Apple developed two models: a compact 3-billion-parameter version for on-device use, and a larger server-based model. In Apple's own benchmarks, the 3B model edges out similarly sized models like Qwen-2.5-3B and gets close to Qwen-3-4B and Gemma-3-4B. Apple credits efficiency improvements for narrowing the gap, but the small difference in size makes these claims less convincing.

The server-based model performs on par with Llama-4-Scout. While Apple hasn't disclosed the parameter count, it says the model is similar in size to Meta's Scout, which has 109 billion total parameters and 17 billion active ones.
This server model uses a "parallel track mixture-of-experts" (MoE) architecture, allowing several smaller AI systems to run in parallel. Even so, it can't compete with much larger models like Qwen-3-235B or GPT-4o.

Apple uses aggressive compression to run the device model efficiently on iPhones and iPads, while the server model employs a specialized graphics compression technique.
Image recognition: Efficient, but not the leader
For image recognition, Apple's device model competes with InternVL-2.5-4B, Qwen-2.5-VL-3B-Instruct, and Gemma-3-4B. According to Apple, it outperforms InternVL and Qwen, but only matches Gemma-3-4B. The server model beats Qwen-2.5-VL-32B in less than half of test cases and still trails both Llama-4-Scout and GPT-4o.

Apple uses different image recognition systems for each model: the server model runs on a 1-billion-parameter AI, while the device model uses a 300-million-parameter version. Both were trained on over ten billion image-text pairs and 175 million documents with embedded images.

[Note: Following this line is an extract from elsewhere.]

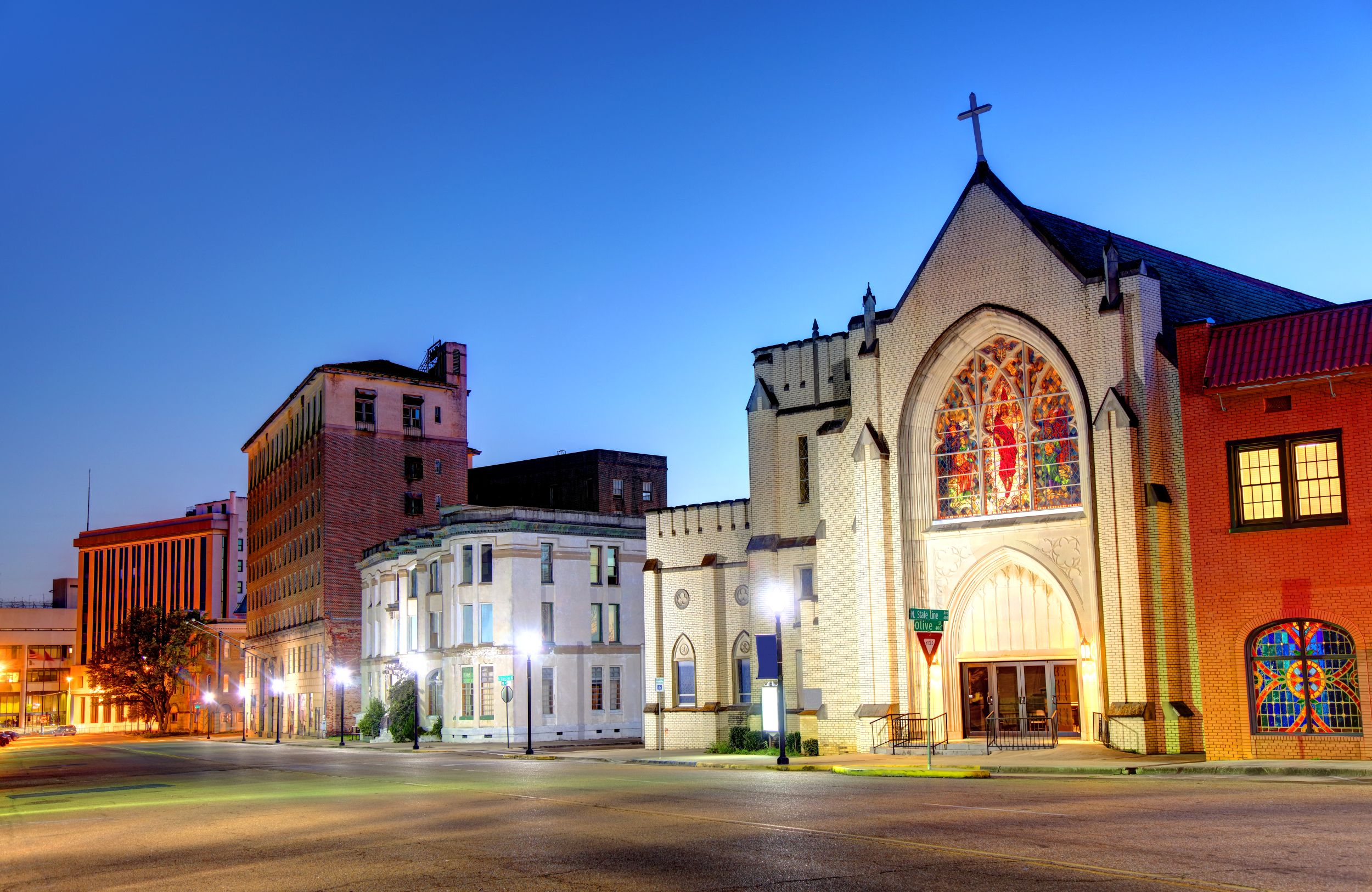 A church in the city of Texarkana with buildings along the high street at sunset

Developers get the smaller model
Developers now have access to the 3-billion-parameter model via Apple's new Foundation Models Framework. Apple says this model works best for tasks like summarization, information extraction, and text understanding—not as an open-ended chatbot. The more powerful server model is reserved for Apple and powers Apple Intelligence features.
The framework offers free AI features and is integrated with Apple's Swift programming language. Developers can tag data structures for automatic, relevant outputs, and a tool API lets them extend the model's abilities.

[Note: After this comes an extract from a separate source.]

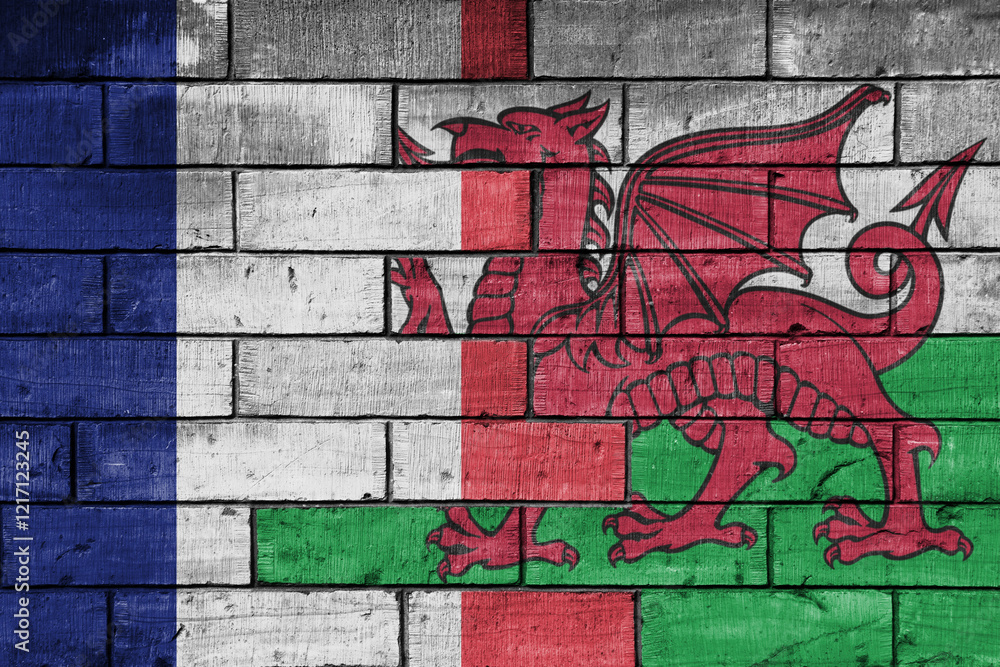 Obraz premium colourful painted big flag of france and flag of wales on a massive old brick wall background. concept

To improve multilingual performance, Apple expanded the models' vocabulary from 100,000 to 150,000 words. The company ran culture-specific tests in 15 languages to ensure appropriate responses across different regions. Training data comes from "hundreds of billions of pages" collected by Applebot, Apple's web crawler.
According to the company, Applebot respects robots.txt exclusions and does not use any user data for training. Whether treating a lack of opt-out as consent for AI training remains up for debate.
Apple's latest benchmarks confirm what was already suspected ahead of this year's WWDC: the company's AI models are still catching up to competitors like Google and OpenAI. The results make clear that Apple's systems can't match the technical performance of market leaders.